Video how to lease land for hunting

You’re probably familiar with the old saying about how you should buy land now because they’re not making any more of it. As a landowner who’s not using all of their land, that phrase just seems kind of silly. Whether you inherited a large property or bought it (because of sentiments like that phrase), it can be a challenge to keep up with the property taxes and maintaining it if you’re not earning anything from it. On the other hand, they’re not making any more of it, so it would seem stupid to sell it outright. That’s where leasing your land for hunting can really shine. Leasing your property allows you to still own it and keep it in your name and for your family, but has many other advantages for you. This lengthy guide outlines several things that would be helpful for you as a landowner, including the various types of hunting leases you could consider, the benefits for you, the actual process of leasing land, and some ways you could increase the value of your property before leasing. Let’s jump in.
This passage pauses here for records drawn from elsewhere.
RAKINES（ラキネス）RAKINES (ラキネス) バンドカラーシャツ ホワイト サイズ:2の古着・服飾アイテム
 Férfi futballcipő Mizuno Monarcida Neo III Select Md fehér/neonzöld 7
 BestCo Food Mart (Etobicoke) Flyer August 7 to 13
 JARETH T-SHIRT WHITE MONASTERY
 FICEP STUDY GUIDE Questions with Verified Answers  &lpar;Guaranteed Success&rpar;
Different Types of Hunting Leases

As mentioned, there is more than just one kind of hunting lease – in fact, there are probably dozens of basic categories. Depending on the location you’re in, the habitats you have, and the species of wildlife that use your land, you could really get specific on this topic. But this discussion will focus on the three basic types we commonly see. Hopefully it will help provide context as you’re debating whether you should be leasing your land for hunting.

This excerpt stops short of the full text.